I Bentivogli sono praticamente anaffettivi, I Felici, dal canto loro, non sembrano aver ispirato l’”Inno alla Gioia”. È una casualità, questa scelta dei cognomi antitetici, o quasi, alla realtà, o una frecciata indiretta alla vita di provincia dove l’apparenza è sempre molto diversa dalla sostanza?
“Nella famiglia Bentivogli c’è un grave problema psichiatrico ed è noto che certe malattie di quel tipo comportano anaffettività. Perciò, il problema ha una causa medica e in città sarebbe stata la stessa cosa. I Felici sono persone potenzialmente Felici anche se la loro famiglia come qualsiasi famiglia è imperfetta. La felicità a mio parere non è di questo mondo, la felicità assoluta e totale voglio dire, e la felicità relativa sta nell’accettazione della condizione umana e nel farsi carico delle proprie responsabilità, soprattutto in quelle che si sono assunte liberamente. L’inseguire i propri desideri spesso è come inseguire un miraggio nel deserto”.
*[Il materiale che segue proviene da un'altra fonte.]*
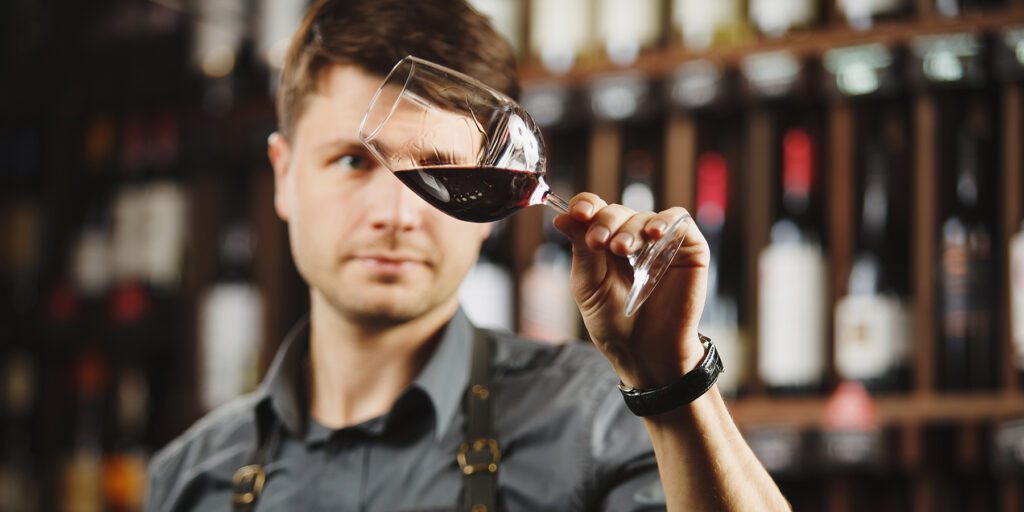 A man at a Red Wine Tasting holding up a glass of red wine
“Non devi dar fastidio. Non andare sempre da quella gente”dicevano i suoi genitori (…) quando Eva usciva per andare nella casa di fronte da Laura. Se sua madre fosse riuscita a interessarsi a lei avrebbe detto la stessa cosa. A Eva, invece, quella gente piaceva, soprattutto Marta, la madre di Laura. E Laura naturalmente. Passava ore e giorni a pensare a loro, alla loro casa. I suoi genitori non erano mai d’accordo su niente e passavano il tempo a battibeccare tra loro per motivi fantasiosi, come se fossero bambole di plastica. Ma su una cosa si davano ragione a vicenda: non volevano sentir parlare di estranei in casa loro. Non volevano che lei entrasse e uscisse dalle loro case calde. (…) Se insisteva a voler frequentare o invitare qualcuno, i suoi le dicevano di non essere così noiosa. E gli estranei non diventavano mai amici o almeno conoscenti (…) e restavano sempre fuori dalla sua portata, a cucire le loro vite morbide come seta e calde come coperte. Eva restava a guardare da lontano: cosa ne faceva quella gente di quel calore, di quella morbidezza? Spesso non ne facevano proprio nulla. Vivevano come le bambole sullo scaffale. La vita era un lungo scaffale ordinato, senza guardarsi intorno e senza capire quello che attraversava il loro campo visivo, quasi avessero anche loro occhi di plastica.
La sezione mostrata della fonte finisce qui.